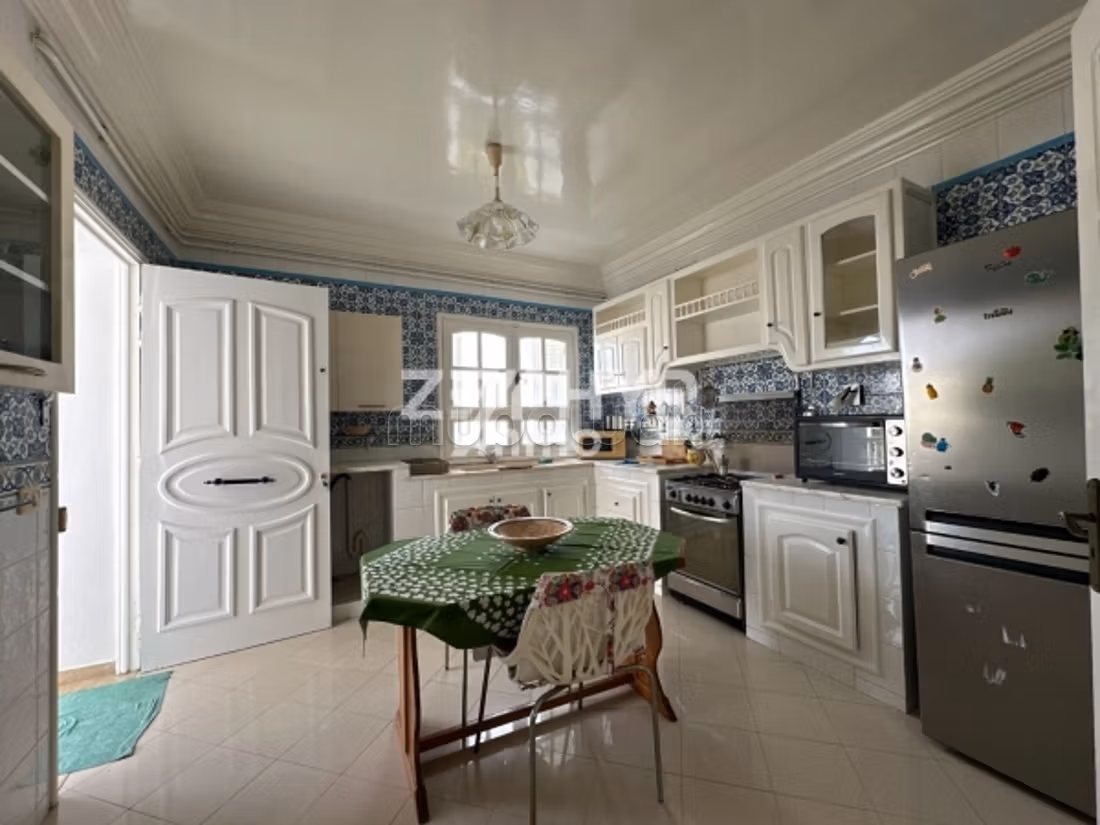 Beautiful villa for rent in La Marsa. 3 rooms. New furniture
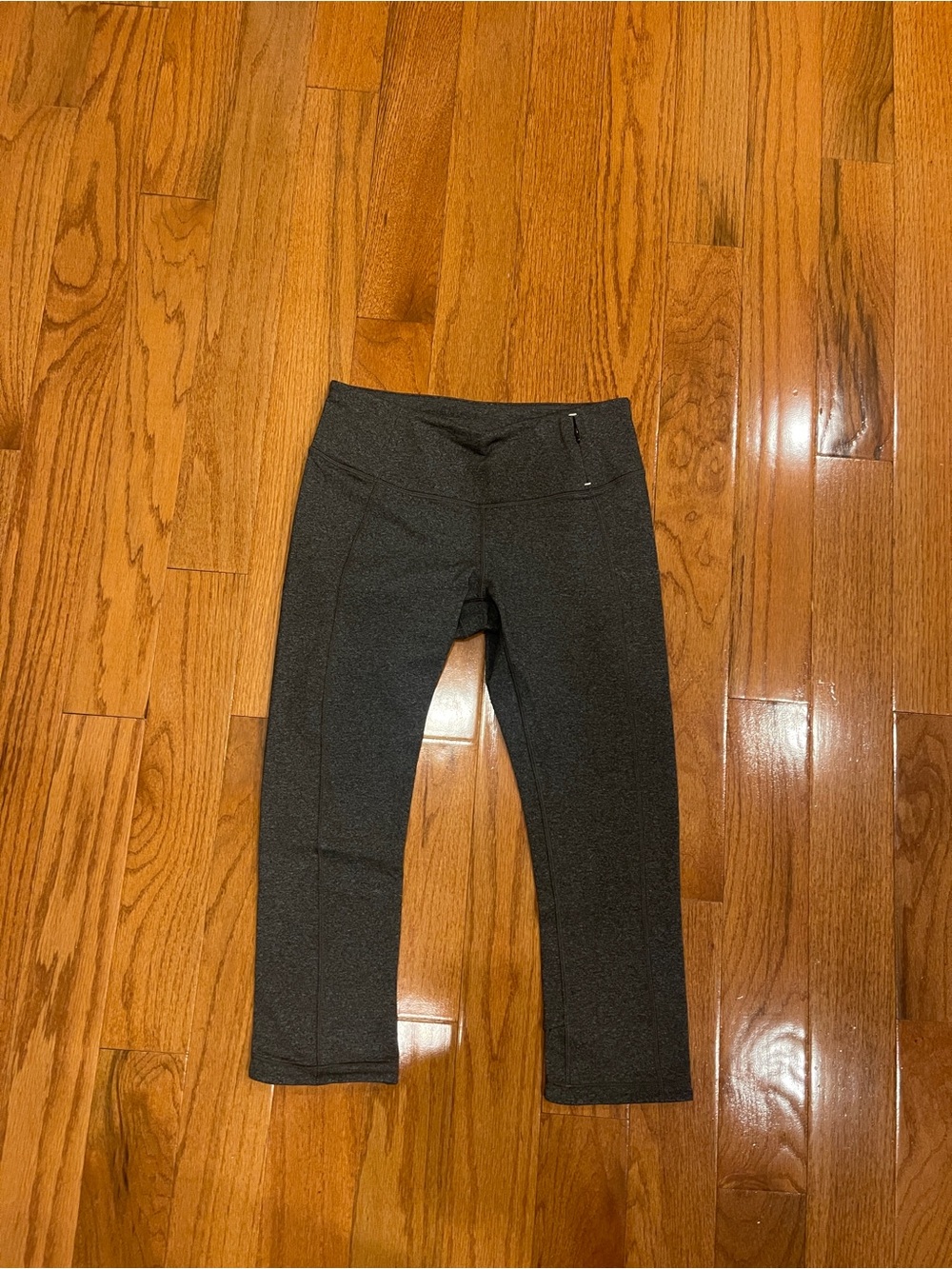 Calia by Carrie Underwood Women's Gray Cropped Capri Athletic Leggings Small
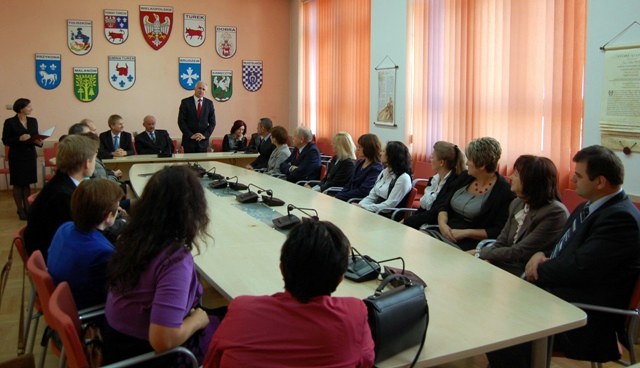 Nagrody starosty przyznane - fot.powiat.turek.pl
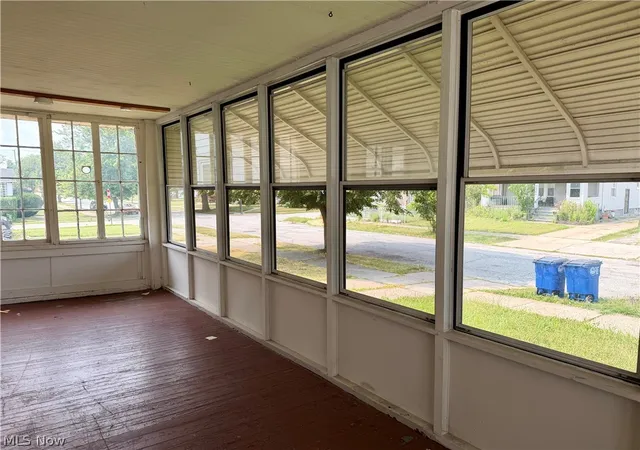 Listing Photo 4 - Condo for sale in building located at 3847-3849 W 136th St, Cleveland, OH 44111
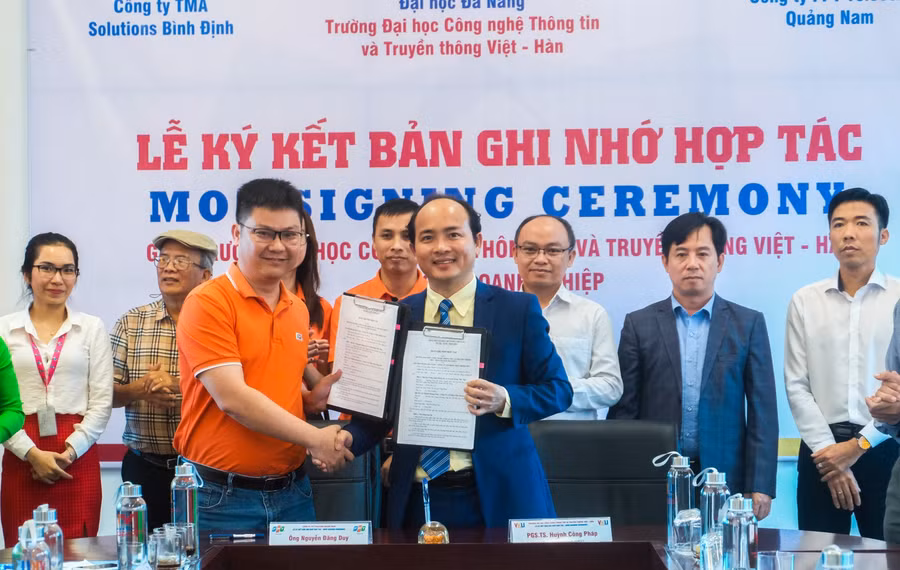 PGS.TS Huỳnh Công Pháp (thứ tư, phải sang), Quyền Hiệu trưởng VKU và Lãnh đạo Chi Nhánh Quảng Nam – Công Ty Cổ Phần Viễn Thông FPT ký kết hợp tác.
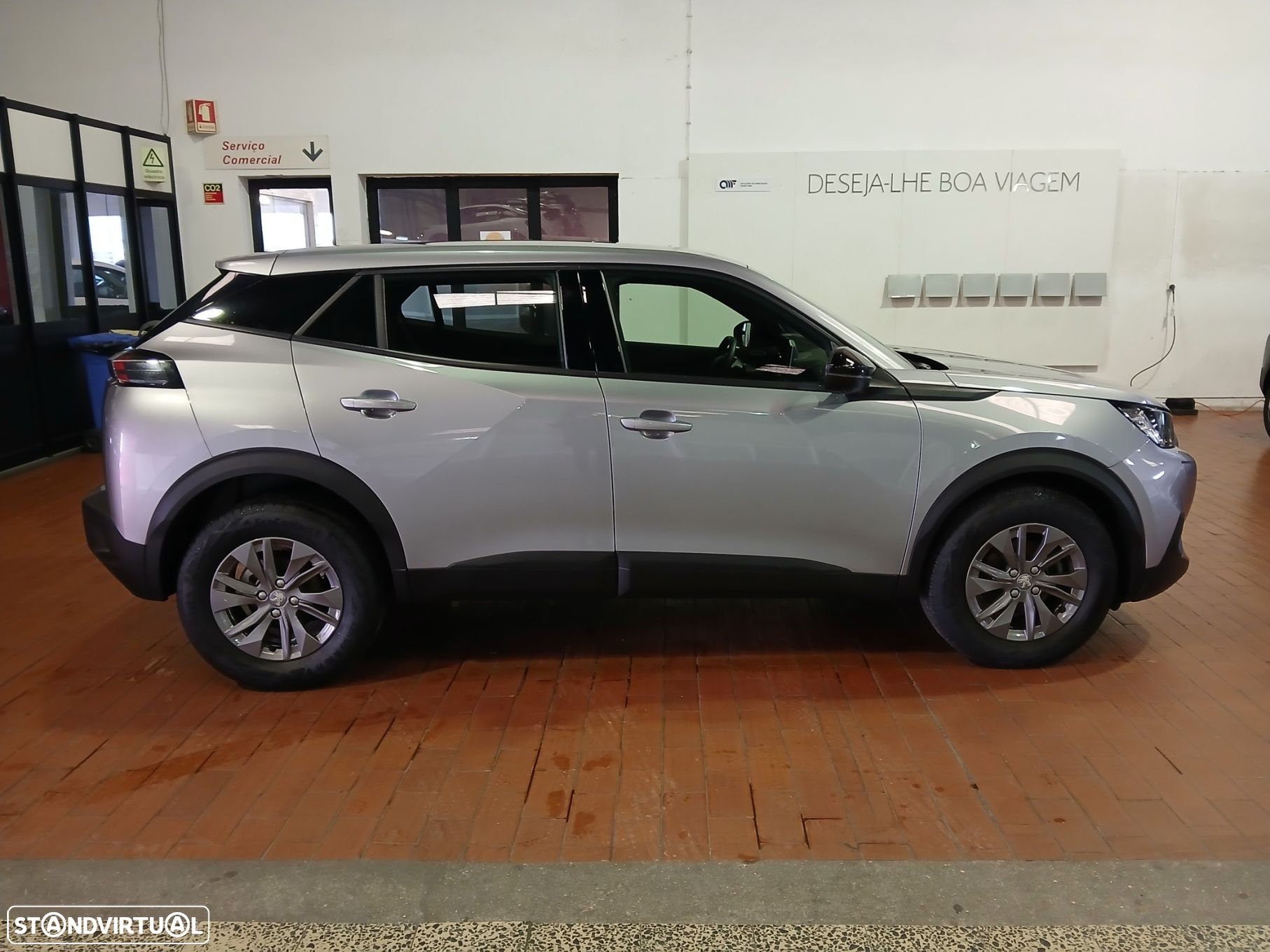 Peugeot 2008 1.2 PureTech Active Pack - 13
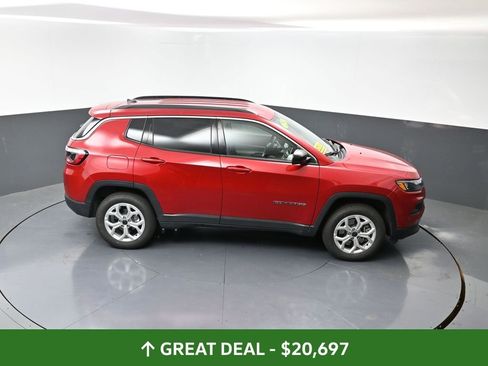 Used 2025 Jeep Compass Latitude image 48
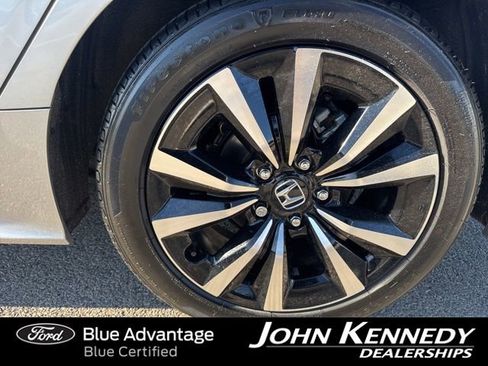 Used 2023 Honda Civic EX image 5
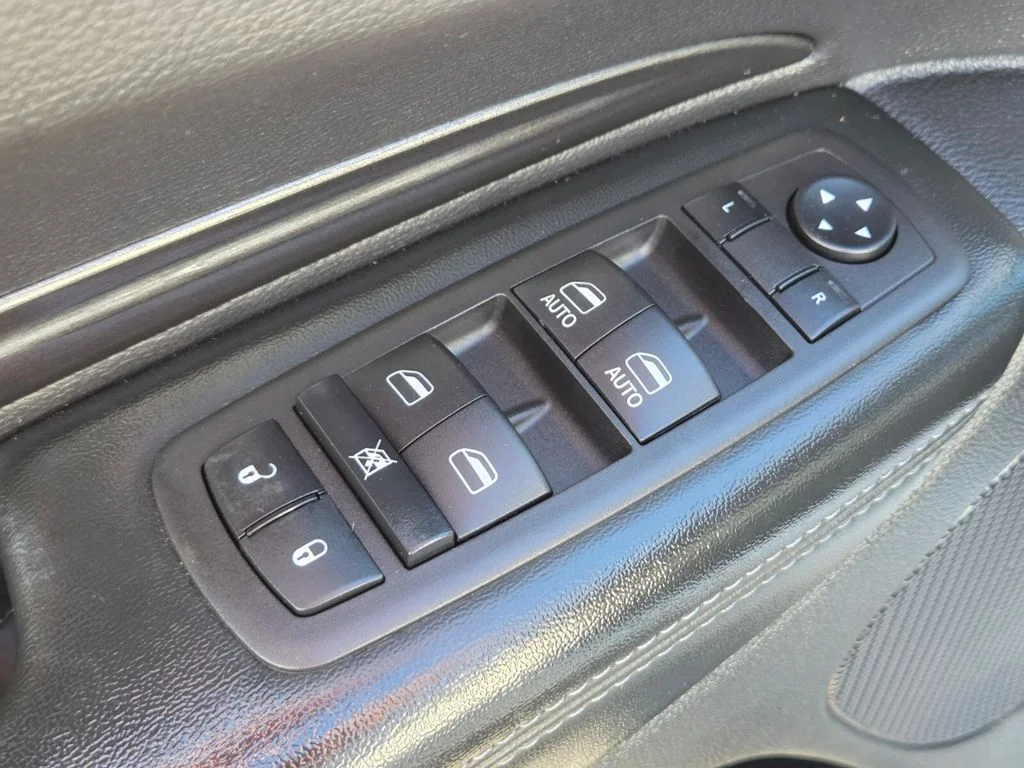 Used 2023 White Dodge SXT image 23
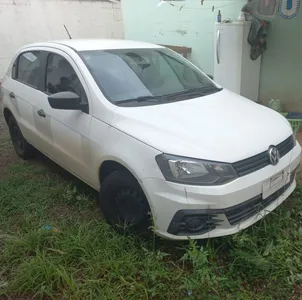Carro foi localizado pela Polícia Militar de Apucarana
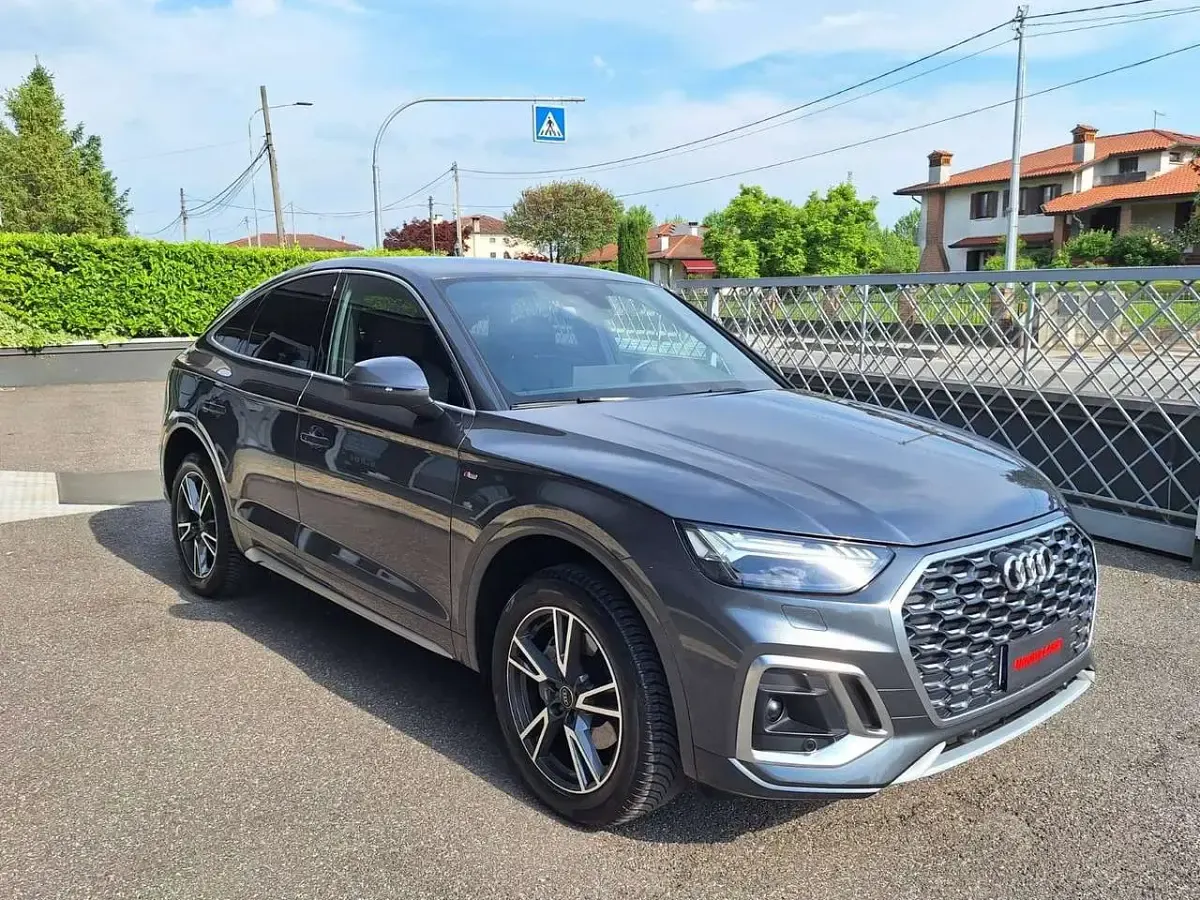 Usata Audi Q5 Sportback S-Line 204 CV (150 kW) 2024 Grigio SUV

• Assignment:
No pictures should appear in the copy, and each record above is to be returned exactly.

• The completed task:
 Beautiful villa for rent in La Marsa. 3 rooms. New furniture
 Calia by Carrie Underwood Women's Gray Cropped Capri Athletic Leggings Small
 Nagrody starosty przyznane - fot.powiat.turek.pl
 Listing Photo 4 - Condo for sale in building located at 3847-3849 W 136th St, Cleveland, OH 44111
 PGS.TS Huỳnh Công Pháp (thứ tư, phải sang), Quyền Hiệu trưởng VKU và Lãnh đạo Chi Nhánh Quảng Nam – Công Ty Cổ Phần Viễn Thông FPT ký kết hợp tác.
 Peugeot 2008 1.2 PureTech Active Pack - 13
 Used 2025 Jeep Compass Latitude image 48
 Used 2023 Honda Civic EX image 5
 Used 2023 White Dodge SXT image 23
Carro foi localizado pela Polícia Militar de Apucarana
 Usata Audi Q5 Sportback S-Line 204 CV (150 kW) 2024 Grigio SUV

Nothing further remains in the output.